The Larsons were quite innovative in design and construction, especially in bracing and reinforcement of their guitars. The larger top braces were often laminated for strength, and their Prairie State line had steel reinforcement tubes from the neck to the end block, as well as a "straining rod " that ran from the end block through the neck block and outside to wrap over the heel! They also built some of their student models with adjustable bridge saddles and necks so that the string height could be altered at will.
The guitar pictured here has no label, stamp, or brand to identify it as a Larson brothers instrument; however, the work of a fine craftsman is as distinctive as a signature. Standard-model Larson guitars characteristically have a serial number stamped in ink and the name brand burned into the center back brace, but their custom-order guitars weren't marked at all (which is extremely rare for a fine instrument).
This model is quite large for the time, but not for Larson. Their steel-strings came in a wide variety of sizes, measuring from less than 12" wide to over 20". This guitar is 16" wide, 4-5/8" deep, with a fingerboard 1-11 /16" wide at the nut, and a scale length of 25-1/2". It is very similar to the Euphonons the Larsons built in the late '30s and early '40s.
The top is spruce, and the back and sides are Brazilian rosewood. The neck is a two-piece mahogany laminate with rosewood/ spruce/ rosewood sandwiched in between for strength. (Larson guitars never did have truss-rod necks; during this period, Gibson had the patent and the only truss-rod necks.) The guitar has a thick ebony fingerboard and a flat pyramid-end ebony bridge, with a bone nut and saddle. While the tortoiseshell pickguard appears to be inlaid, as were many on Larson brothers instruments, careful inspection reveals that it is actually overlaid. (The edges have been carefully tapered and coordinated so as to appear inlaid.)
Typical of Larson designs, the top is X-braced, with the "X" and one of the upperbout braces being a three-ply laminate of spruce/rosewood/spruce. A second upperbout brace, the soundhole reinforcement braces, and the tone bars are solid spruce and all are carved to taper at the ends. The small bridgeplate is maple, and there are six back braces. The overall result is a very strong guitar that is still not too heavy.
The ornamentation is typical of Larson instruments. The headstock is solid (denoting a later model) with a flower pattern inlay of pearl and abalone.
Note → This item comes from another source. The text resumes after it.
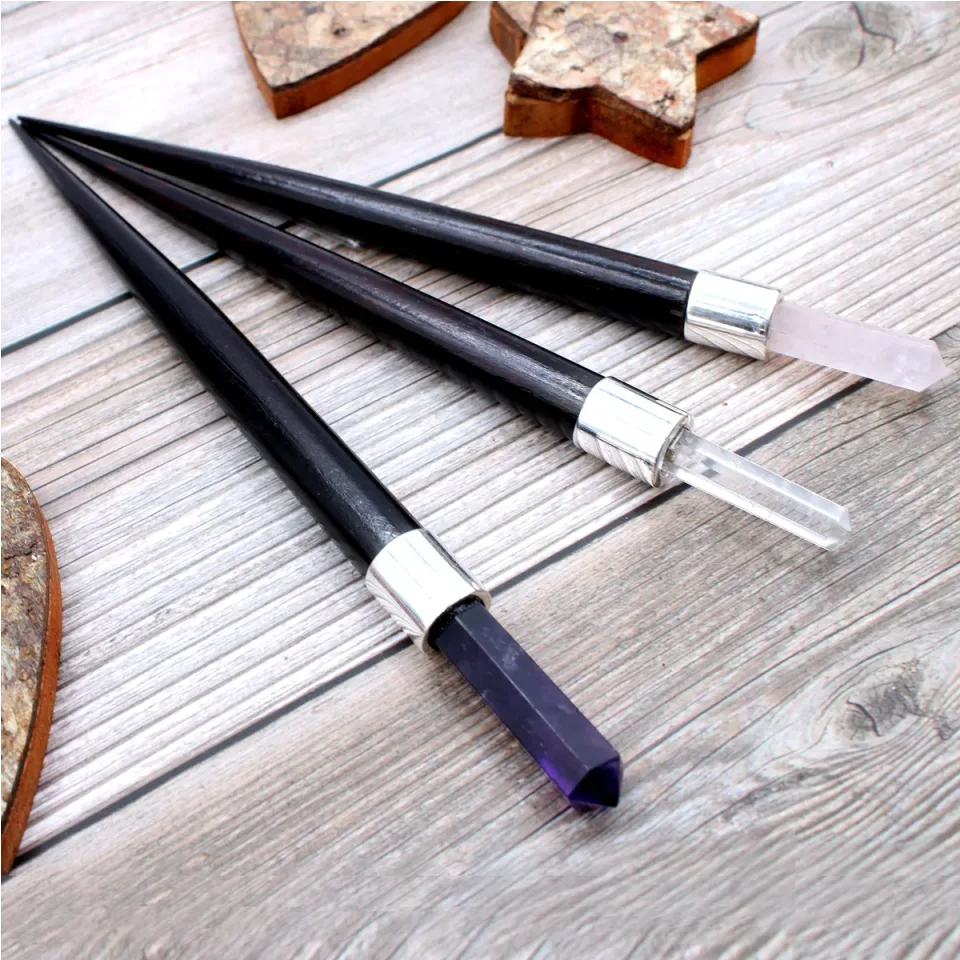 Baguette pointue simple : rose, cristal, améthyste : Modèle unique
On the fingerboard, a combination of dot inlay and engraved fancy inlay is very characteristic of Larson guitars. The open-back tuners are nickel-plated with chrome buttons.
But the most significant design feature is obviously the extremely square and slightly asymmetric body shape. This shape most closely resembles the Euphonon guitars, but this is the squarest and strangest I have ever come across -- possibly the result of a custom design. The shoulders are not rounded at all, and even more bizarre is the fact that they are canted slightly forward from back to front. In other words, while the back of the guitar measures 19-1/ 4" long, the top is less than 19" -- 18-7/8" to the left of the fingerboard, and 18-15/16" to the right. So not only do the shoulders slope forward, but the left slopes more steeply than the right. In addition, the waist of the guitar is narrower across the top than across the back by 1/8".
Whether the slant of the shoulders is intentional, I don't know -- nor can I figure out why the body is so visibly asymmetric -- but nevertheless, the overall effect is a guitar that is beautiful, if slightly bizarre, in appearance, and great-sounding. The heavier, laminated bracing produces a sound quite different from other pre-War flat-tops -- a bluesy, twangy tone with lots of sustain. It is interesting to note that, fine as these guitars are, no modern builder has incorporated the Larson brothers' designs in contemporary instruments.
All Larson guitars were flat-tops, although some had f-holes instead of a round soundhole -- the top was not carved, just slightly bowed. I have seen only one cutaway model. The Maurer Company went out of business in 1944; Carl Larson died in 1946, August in '47. Robert Hartman, Carl Larson's grandson, is preparing a book entitled Guitars & Mandolins ln America, Featuring The Larsons' Creations. It will be published by the appropriately named Maurer Company (Box 94743, Shaumburg, IL 60194).